━━━━━ Input for this task
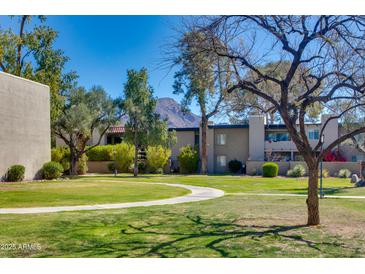 Scenic complex view showcasing lush green lawns, mature trees, and well-maintained buildings against a backdrop of blue skies at 4201 E Camelback Rd # 25, Phoenix, AZ 85018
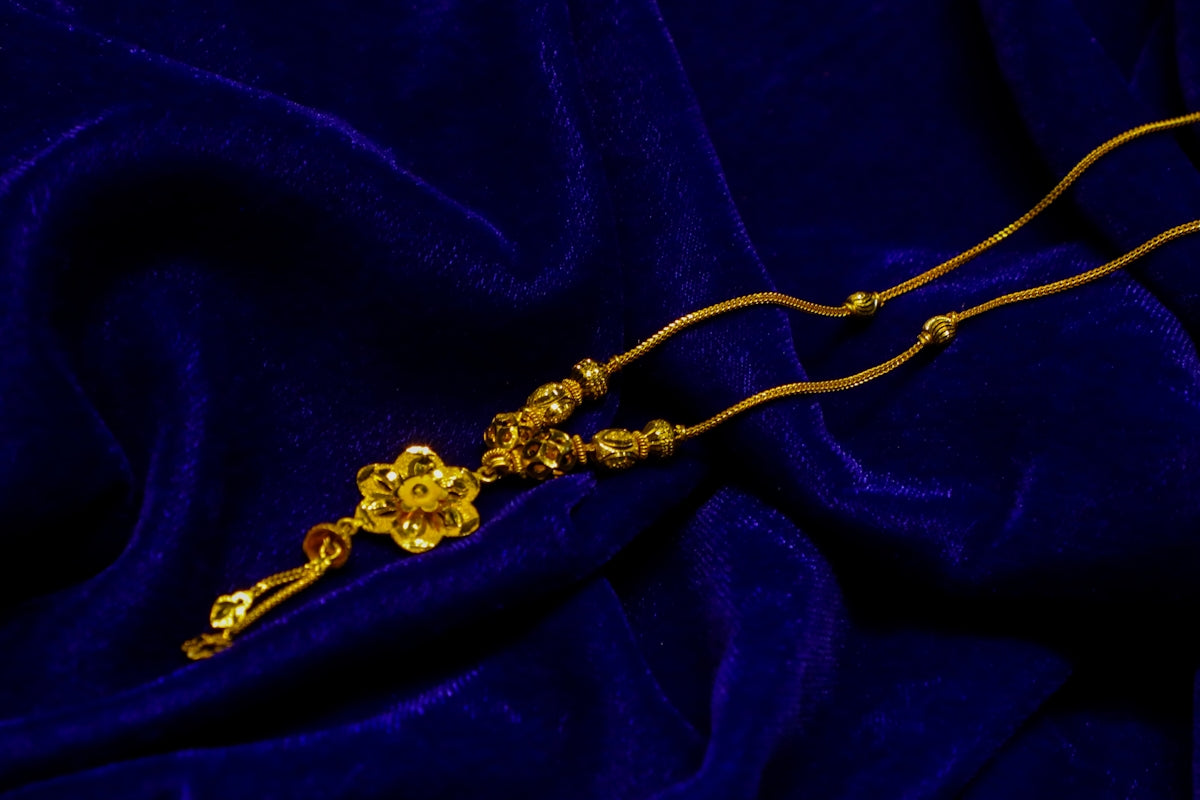 Gold floral pendant necklace on blue fabric
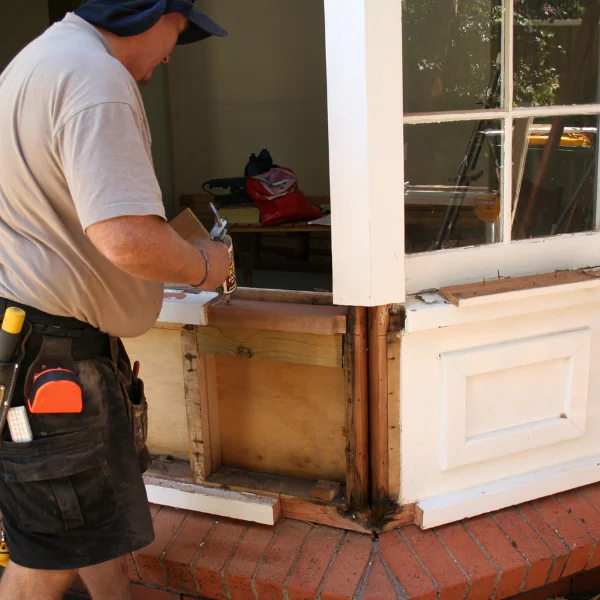 An image showing masonry repair work being done on a Knoxville home.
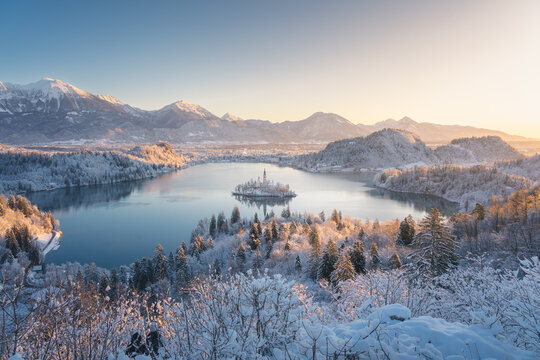 Aerial view of the snow-dusted landscape embracing the serene lake and the iconic Bled Island with its church, Bled, Radovljica, Slovenia.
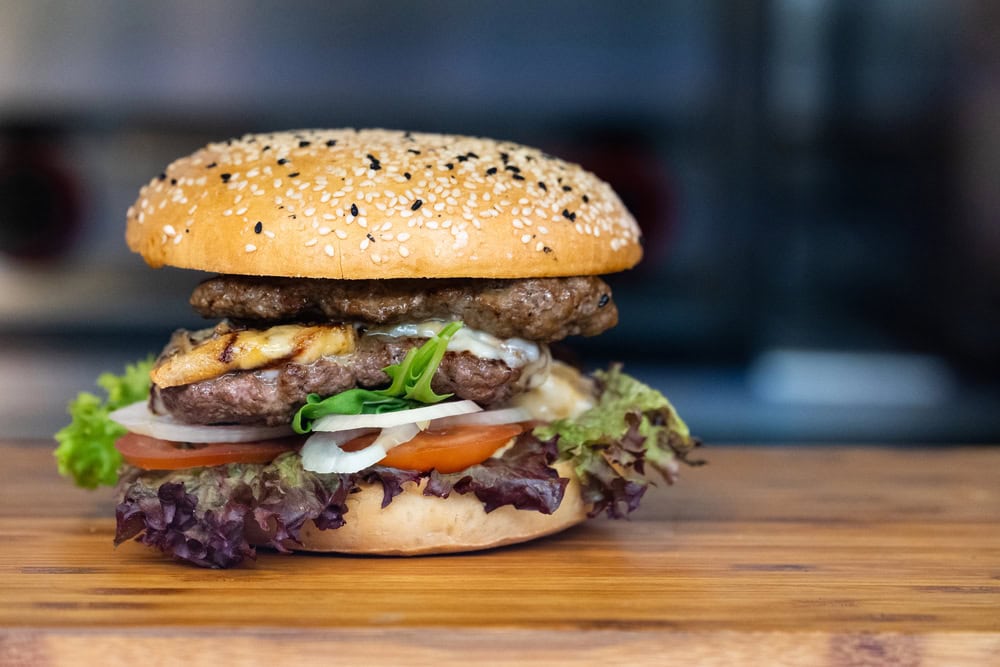 A sesame seed hamburger bun with two beef patties, cheese, lettuce, tomato, and onion sits on a wooden surface.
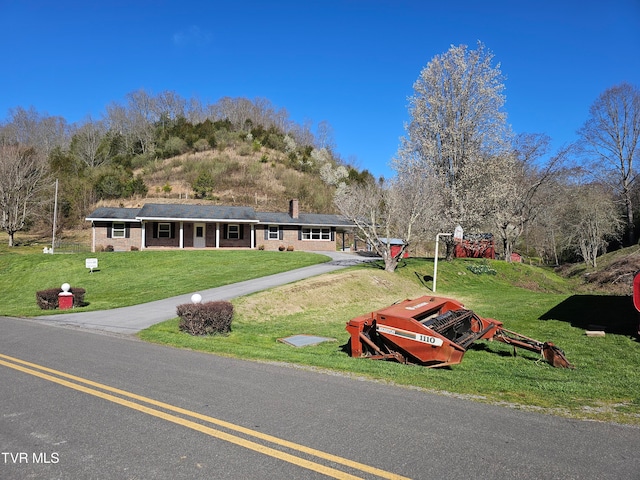 single story home featuring a front yard and solar panels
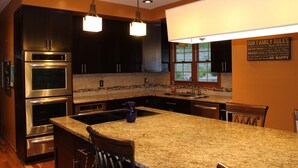 A modern kitchen with stainless steel appliances, granite countertops, and a large island with bar stools.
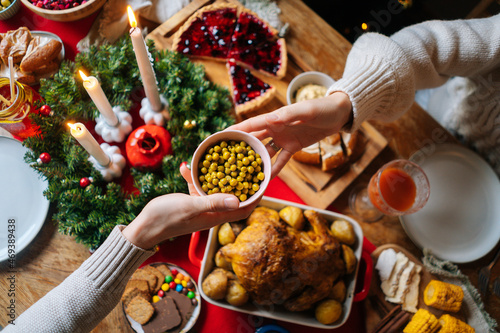 Foto Close-up high-angle view of unrecognizable young woman and man passing delicious food sitting at festive Christmas table during holiday family friendly party, selective focus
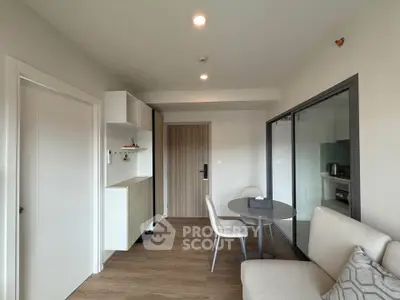 Modern living room with cozy seating and dining area in a stylish apartment.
━━━━━━━━━━
Could you copy every record above exactly, leaving out the pictures?

 Scenic complex view showcasing lush green lawns, mature trees, and well-maintained buildings against a backdrop of blue skies at 4201 E Camelback Rd # 25, Phoenix, AZ 85018
 Gold floral pendant necklace on blue fabric
 An image showing masonry repair work being done on a Knoxville home.
 Aerial view of the snow-dusted landscape embracing the serene lake and the iconic Bled Island with its church, Bled, Radovljica, Slovenia.
 A sesame seed hamburger bun with two beef patties, cheese, lettuce, tomato, and onion sits on a wooden surface.
 single story home featuring a front yard and solar panels
 A modern kitchen with stainless steel appliances, granite countertops, and a large island with bar stools.
 Foto Close-up high-angle view of unrecognizable young woman and man passing delicious food sitting at festive Christmas table during holiday family friendly party, selective focus
 Modern living room with cozy seating and dining area in a stylish apartment.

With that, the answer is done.